* [Requirement]: Your answer must be an exact copy of the listing, with the images left out.

* [Given information]:
= Beginning of Section =

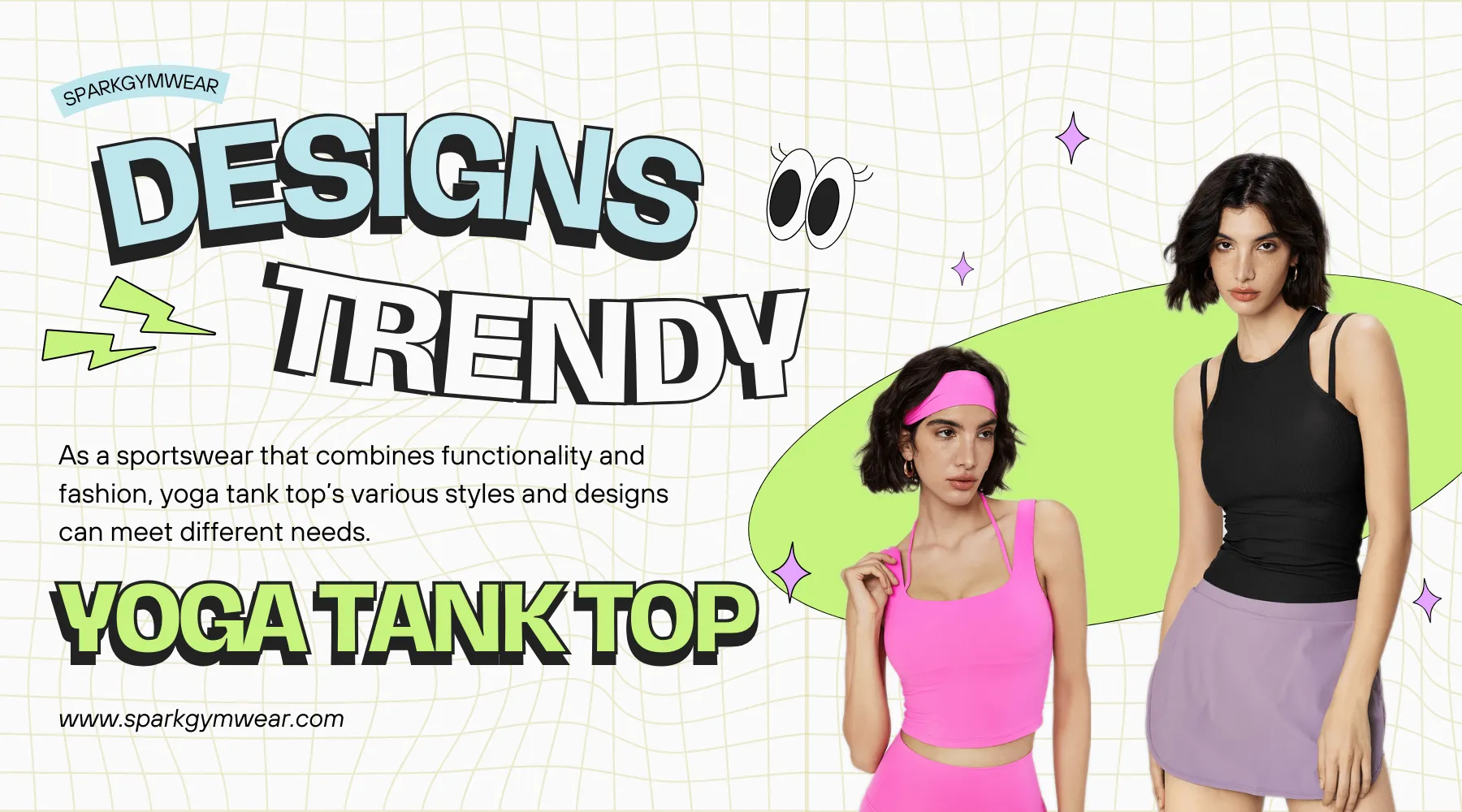 The Trend Designs of Yoga Tank Top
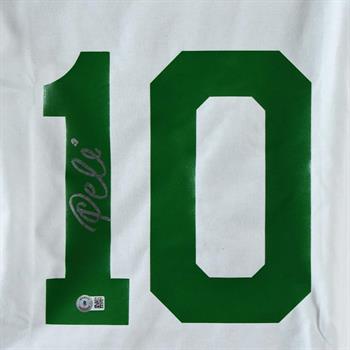 Cosmos Soccer Jersey Autographed by Legendary Footballer, Pele with Certificate of Authenticity.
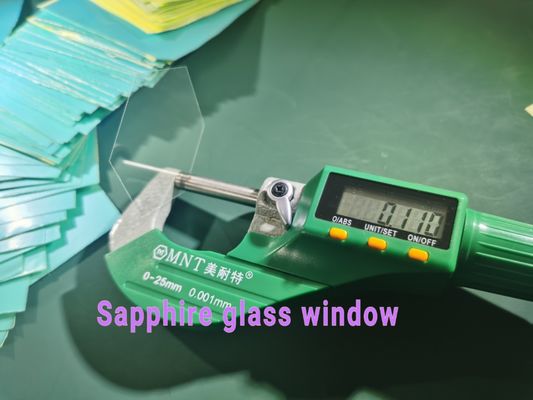 Harga yang pantas Polygon 100um Thickness Sapphire Optical Window Wafer Chemical Resistance on line
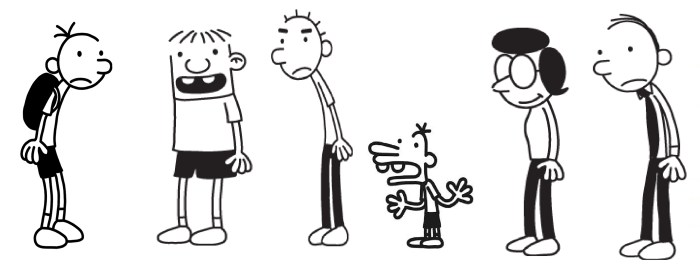 Diary of a wimpy kid coloring pages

= End of Section =

* [Solution for this exercise]:
 The Trend Designs of Yoga Tank Top
 Cosmos Soccer Jersey Autographed by Legendary Footballer, Pele with Certificate of Authenticity.
 Harga yang pantas Polygon 100um Thickness Sapphire Optical Window Wafer Chemical Resistance on line
 Diary of a wimpy kid coloring pages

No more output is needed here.